* [Data excerpt]:

Content starts

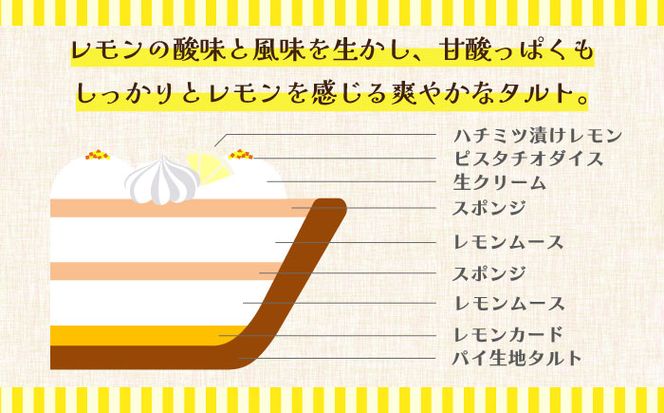 【2026年6月～発送】【こだわりのサクサクタルト】レモンムースのタルト / タルト ケーキ レモン スイーツ 南島原市 / アトリエジジ [SAA015]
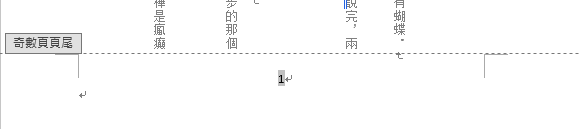 頁碼 底部中央 底端位置2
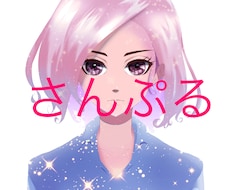 やたらキラキラしてる子あげます パーツ分けのみです。psdファイルでのお渡しになります。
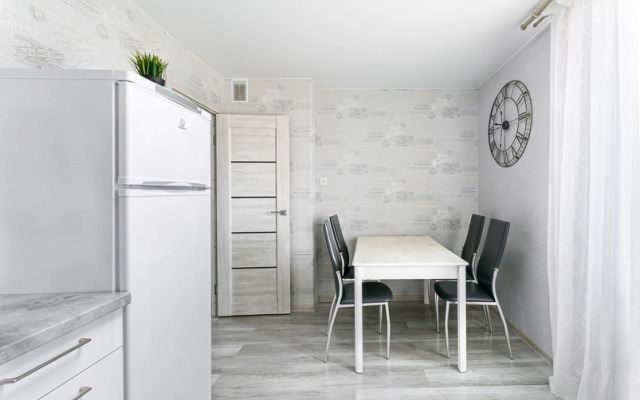 Uyut po domashnemu Flat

Content ends

* [Problem details]:
Copy every line above exactly; images stay out.

* [Response area]:
 【2026年6月～発送】【こだわりのサクサクタルト】レモンムースのタルト / タルト ケーキ レモン スイーツ 南島原市 / アトリエジジ [SAA015]
 頁碼 底部中央 底端位置2
 やたらキラキラしてる子あげます パーツ分けのみです。psdファイルでのお渡しになります。
 Uyut po domashnemu Flat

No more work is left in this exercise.